Monday, January 12, 2015

Nestler and Hellebrandt Square Off on Rules of Thumb

The question of how best to value patent licenses, whether in negotiation, for tax purposes, or for purposes of calculating damages, is a tough one.  In theory, it makes economic sense to assume that the parties to the license would have agreed to some sort of split of the profits to be earned from the use, but of course reality may be different.  For administrability reasons, the parties themselves may prefer some sort of heuristic, based on comparable licenses or industry-wide standard rates; and in litigation comparables sometimes may be a reasonable indicator of the value of the "license" the infringer has taken.  Moreover, if we are to base royalties on a percent of the profit (real or expected), what should we assume that percent to be--and how confident can we be that only the profit derived from the infringement, and not from other factors, will be used as the base?  On the other hand, what if there are no (very similar) comparables to be had?  Are industry-wide rights an accurate enough guide for all inventions (which seems quite doubtful to me), or only some (and if so, which ones)?

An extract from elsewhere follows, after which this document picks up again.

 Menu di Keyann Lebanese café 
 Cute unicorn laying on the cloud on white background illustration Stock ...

In the German press, Anke Nestler and Ortwin Hellebrand recently have expressed competing views on these issues.  Regarding Dr. Nestler, in September, I posted this:
Anke Nestler has published an article titled Die Ableitung von angemessenen Lizenzsätzen aus öknomischer Perspektive ("The Derivation of Royalty Rates from an Economic Perspective") in the June 2014 issue of Mitteilungen der deutschen Patentanwälten (pp. 262-66).  Here is the abstract:
In third-party licensing practice the licensing parties often orient themselves towards the licensee's expected future profits and split this between themselves within the framework of license negotiations.  This policy is economically sensible.  The derivation of reasonable royalty rates should be based on business analysis.

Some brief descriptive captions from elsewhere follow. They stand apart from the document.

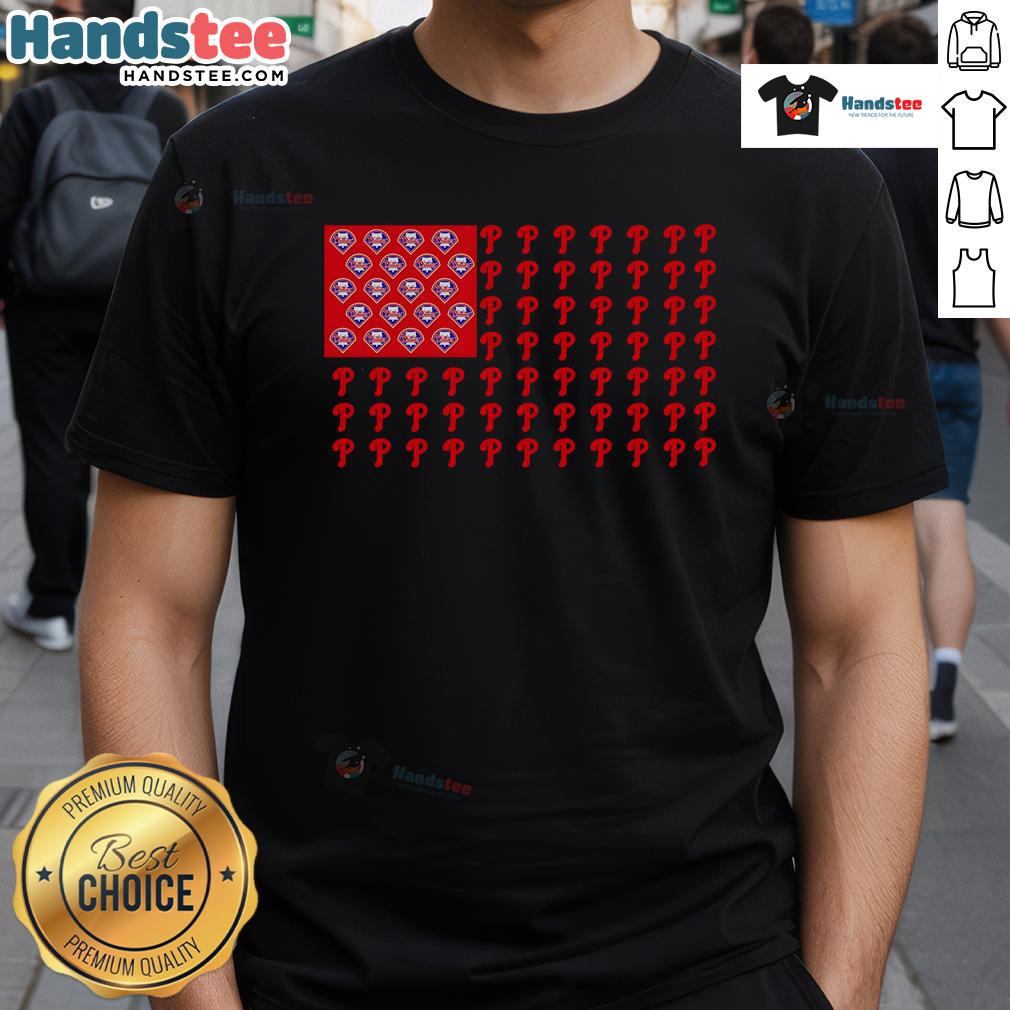 Philadelphia Phillies American Flag T-Shirt logo featuring patriotic design with team colors and stars and stripes.
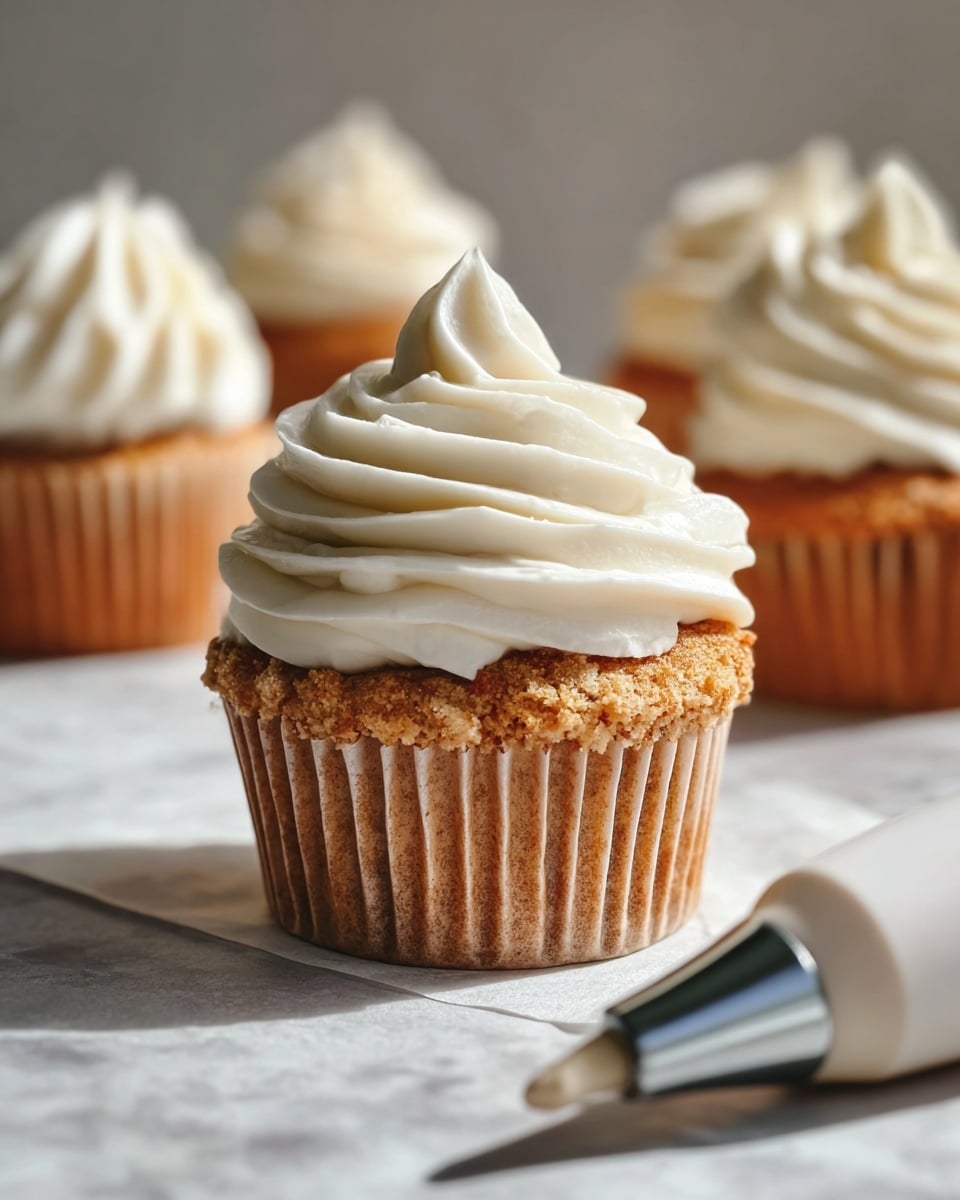 A close-up view of four brown cupcakes on a white marbled surface, with the nearest cupcake topped with a thick, smooth white cream in a swirled pattern, creating a tall, soft peak. The cupcake base shows a crumbly, textured surface with small bits visible, and the paper liner is ribbed and light brown. In the foreground, a blurred icing piping bag with a metal tip rests on the white marbled surface. Other cupcakes in the background are similar but out of focus. Photo taken with an iphone --ar 4:5 --v 7
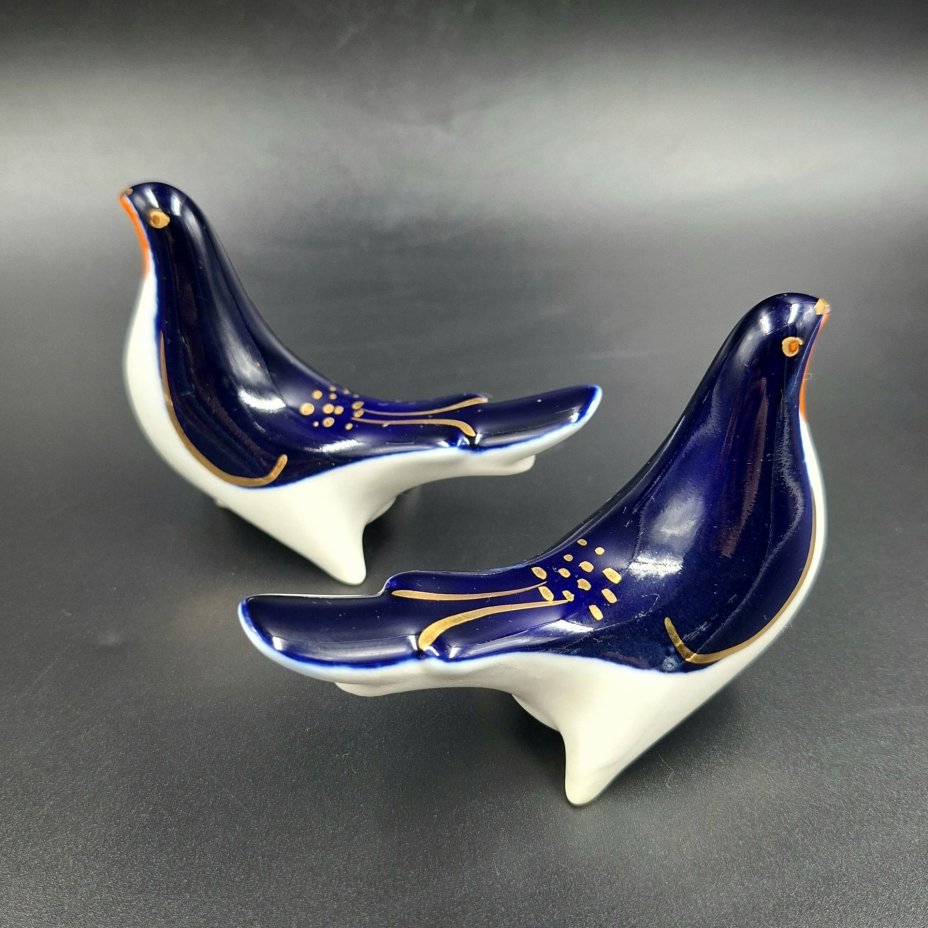 Пара солонок "Голубок", автор М.Н. Мох, фарфор, роспись, золочение, Ленинградский фарфоровый завод (ЛФЗ), СССР, 1979-1992 гг.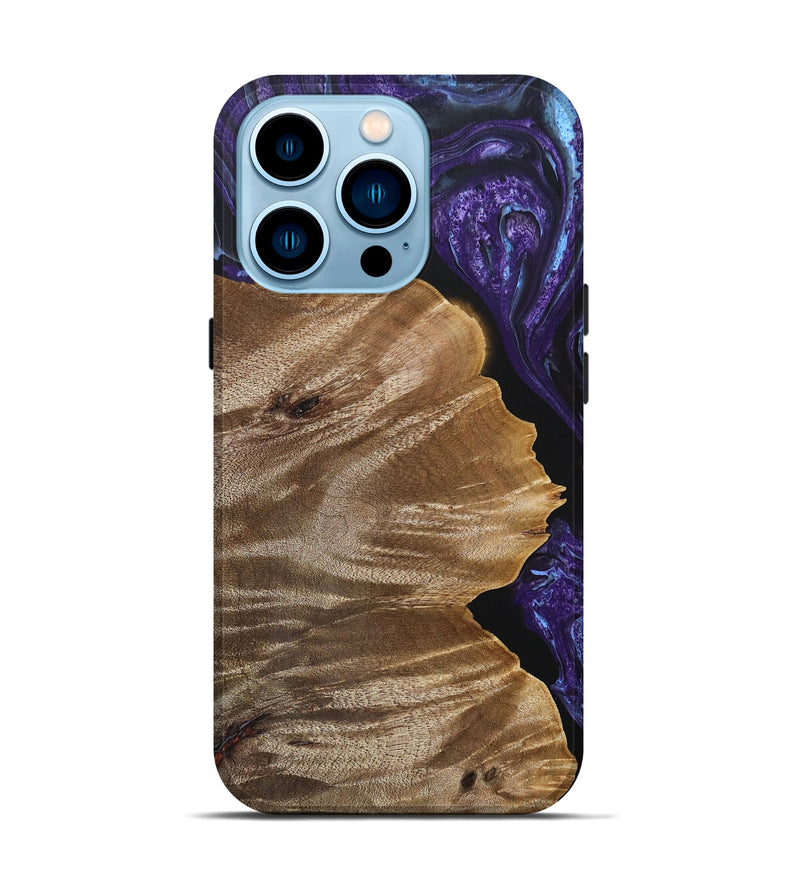 iPhone 14 Pro Wood+Resin Live Edge Phone Case - Gilbert (Purple, 692311)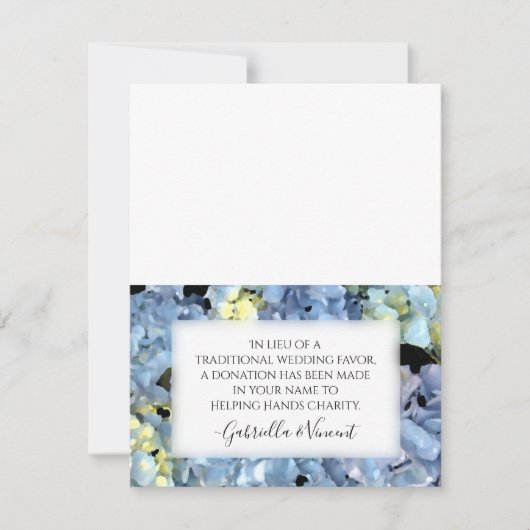 Carte Blue Hydrangea Mariage Charity Favoriser Card (Devant)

(According to footnote *, the article is a slightly modified version of an article originally published in Betriebs Berater 2013, 2027-29.)  The author argues that a 25-33% division of expected profits from the use of a patent, converted into a running royalty based on a percentage of turnover, can be a useful guideline--not a hard and fast rule, as rejected in the Federal Circuit's 2011 Uniloc decision--taking into account all other relevant considerations such as the parties' preferences for risk-sharing, the expected contribution of other patents or trademarks to the product's profitability, and so on.  The author cites a 1972 work by Knoppe, Die Besteuerung der Lizenz- und Know-how-Verträge, throughout as approving such an approach. 
An English-language translation of Dr. Nestler's Betriebs-Berater article is available here.

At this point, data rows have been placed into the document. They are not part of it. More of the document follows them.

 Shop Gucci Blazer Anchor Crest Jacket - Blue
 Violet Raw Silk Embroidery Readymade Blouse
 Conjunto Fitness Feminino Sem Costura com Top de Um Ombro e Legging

In response, Mr. Hellebrand published Ableitung von angemessenen Lizenzsätzen aus öknomischer Perspektive?  Eine Erwiderung ("Derivation of Royalty Rates from an Economic Perspective?  A Response") in the November issue of Mitteilungen der deutschen Patentanwälten (pp. 494-97).  Here is the abstract (as above, in my translation from the German):
Market-standard royalty rates delineate the freedom to set license fees within the competitive environment of a market for technical products in a manner that is more accurate and more reflective of market realities than does a profit split of the EBIT (earnings before interest and taxes) of a single licensee, even when the latter is refined vis-a-vis the Knoppe [rule-of-thumb] formula by the licensing firm's analysis for the planned use.
As suggested by the abstract, Dr. Hellenbrand believes that market-standard rates are more likely to accurately reflect the value of the technology, and to be more administrable in practice.